In order to aid you and your family as you study John 1 this week, here are a few insights from gospel scholars that provide more depth and context to the Gospel of John.
Who was John?
Thomas A. Wayment explains in The New Testament: A Translation for Latter-day Saints:
As in the other Gospels, the author of the Gospel of John never mentions himself by name directly. In the stories that are retold in the Fourth Gospel, an unnamed disciple sees and experiences the life of Jesus personally and uniquely. He was a follower of John the Baptist (John 1:35–39), and he became a follower of Jesus after hearing John’s testimony. During Jesus’s final week of life, the unnamed disciple grew more prominent in the story, perhaps suggesting that his witness was shaped by the events of the final week. He sat next to Jesus at the Last Supper (John 13:21–30), he may have watched the trial of Jesus with Peter (John 18:15–18), he visited Jesus during the crucifixion (John 19:26–27), he was among the first to visit the empty tomb (John 20:2–10), and he dined with Jesus after the resurrection (John 21:7–20). The author was reluctant to name himself, although he clearly told of his involvement in the story. Tradition has connected John the son of Zebedee with the author of the Gospel, although some early Christians like Irenaeus (died 202 CE) thought another disciple named John was responsible for writing the Gospel, but for the most part the tradition has been fairly stable that John the early disciple wrote it.
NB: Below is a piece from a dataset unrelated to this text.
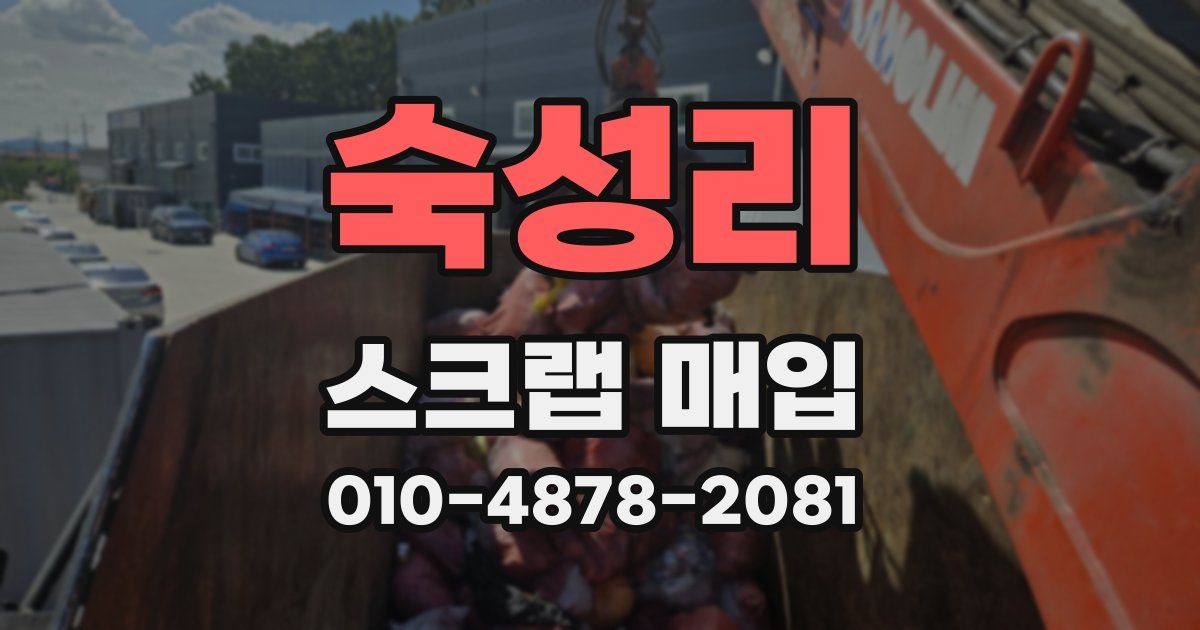 숙성리 스크랩 매입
The Greek of the Fourth Gospel and writing style can be described as simple and perhaps the work of a non-native Greek speaker. Beginning with the opening lines, it quickly becomes apparent that John was not writing a historical record of Jesus’s life (John 20:30) but rather a reflection on the meaning of Jesus’s life (John 20:31). Stories and events from Jesus’s life were chosen for a specific purpose and interest.
Why does he call Christ the Word?
In The New Testament Study Guide: Start to Finish, the book’s editor Thomas R. Valletta compiles quotes from prophets and scholars to explain Jesus Christ’s role as the Word:
Elder Bruce R. McConkie taught: “Christ is the Word or Messenger of Salvation. Thus John’s meaning is: ‘In pre-existence was Christ, and Christ was with the Father, and he, the Son, had himself also attained godhood.’ I. V. John 1:1–2; D&C 93:7–8. Further, the gospel itself is the word, and it is because the gospel or word of salvation is in Christ that he, on the principle of personification’ . . . becomes the Word” (Doctrinal New Testament Commentary, 1:71; see also JST, John 1:1).
“The Gospel of John calls Jesus the Word (see John 1:1; logos in Greek), a complex philosophical term that basically means the divine principle of reason that brings order to the universe and links the human mind with Deity. In basic gospel terms, Jesus is the mediator who was sent to reconcile humanity with God (see D&C 76:69)” (Judd, Essential New Testament Companion, 34–35).
“The Father operated . . . through the Son, who thus became the executive through whom the will, commandment, or word of the Father was put into effect. It is with incisive appropriateness therefore, that the Son, Jesus Christ, is designated by the apostle John as the Word; or as declared by the Father ‘the word of my power’” (Talmage, Jesus the Christ, 33).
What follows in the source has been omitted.